Extending Visibility to the Dynamic Workforce

A virtual public sector workforce changes everything. Remote work poses new security challenges and alters the way an agency’s security team handles day-to-day access and how it narrows-in on potential insider threats, among other considerations. 

As we discussed in the previous section, there are common characteristics of a remote workforce that introduce new attack vectors. When these vulnerabilities –both system and human – are exploited by malicious actors, they can act as a path back to the agency’s network.   

Ongoing employee education and visibility are the best defences against these and other new risks – and should extend from the agency’s internal infrastructure to each endpoint. 

While user education can continue remotely, visibility into remote environments poses more of a challenge. 

RSA offers the following six recommendations for gaining visibility into the risks presented by a remote workforce: 

  1. Combine traditional log monitoring with capturing and monitoring network packets to see how threats are traversing the network – from user device, across the network infrastructure, and to the cloud. This includes VPN links and any other external entry point into the corporate network.
  2. Monitor activity across all endpoints, on and off the network, for deep visibility into their security state, and properly prioritize alerts when there is an issue. 
  3. Enhance rule-based or signature-based threat detection with the addition of advanced machine learning through UEBA and endpoint behaviour analytics to recognize anomalies that could indicate malicious intent and threats.
  4. Streamline the activities and processes across security teams to get to the heart of a problem quickly and efficiently. When an incident is recognized, a fast response provides a better chance to stop it before resources can be fully exploited.
  5. Understand both context and threat intelligence in order to increase detection capabilities based on known indicators of an identified attack and/or threat actor. 
  6. Use technology tools to automate monitoring and response to mitigate incidents before they impact the entity.

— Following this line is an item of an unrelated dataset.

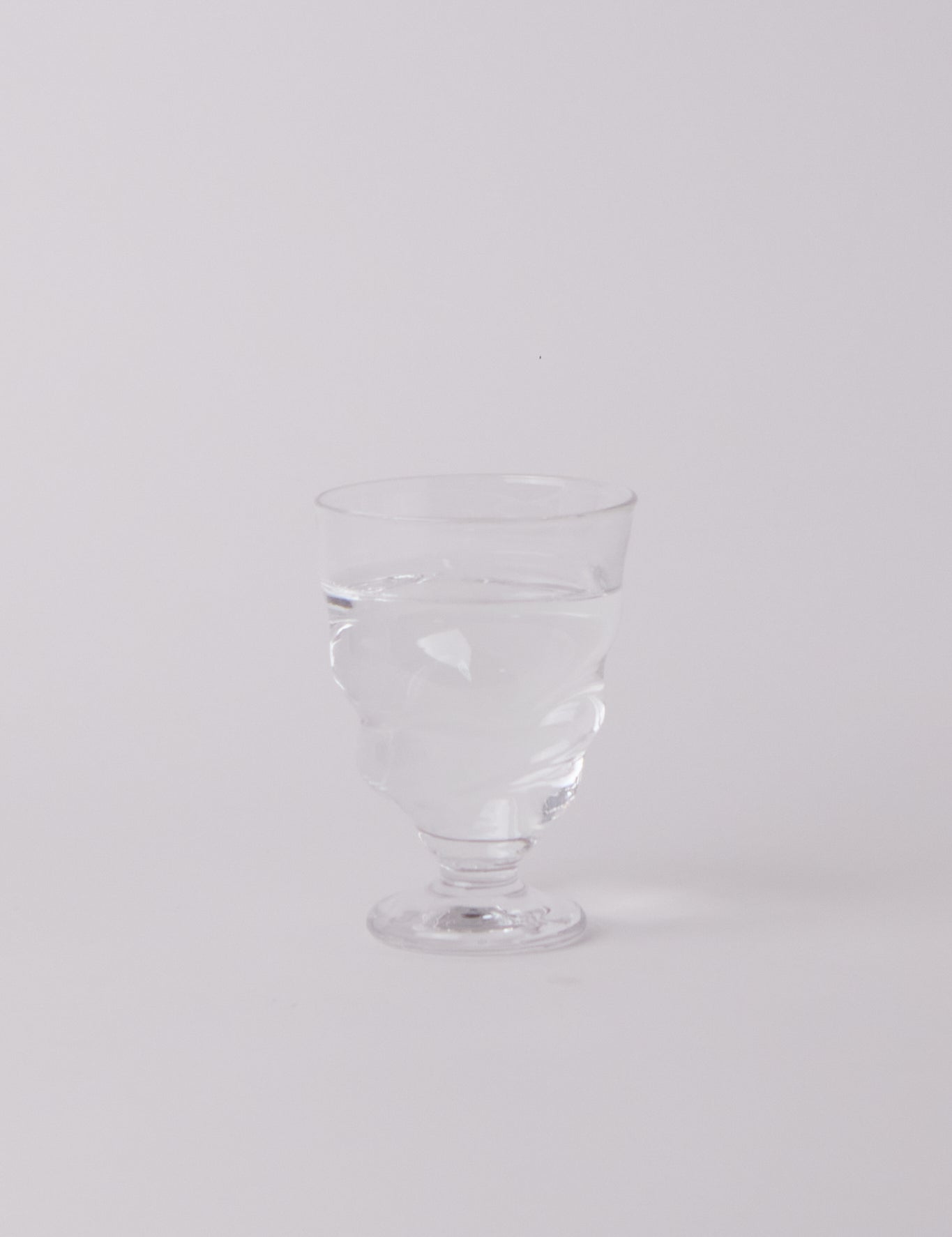 silje-lindrup-twisted-footed-tumbler-shop-sommer_1.jpg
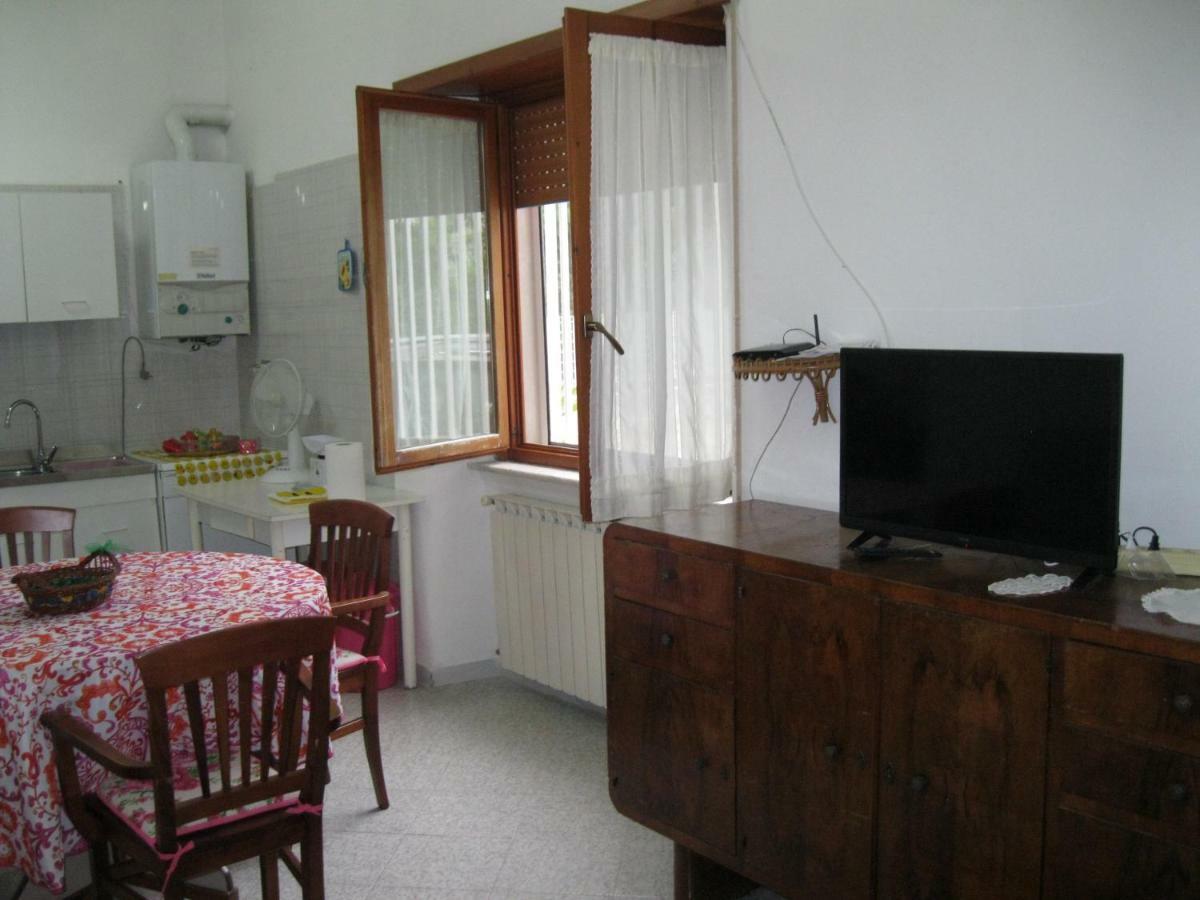 "Il Nespolo" Villa Scauri  Luaran gambar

While remote work options have been in place, the impacts of the ongoing global health crisis have brought about an unprecedented shift in how – and where – we work. 

The resulting sudden, massive shift to a remote workforce has brought into focus the potential risks, and the need for the leaders of Canadian public sector entities to strengthen their organizations’ security posture. By establishing the right levels of threat visibility and response, leaders can support and secure remote workers effectively – and minimize the impact of threats on the organization.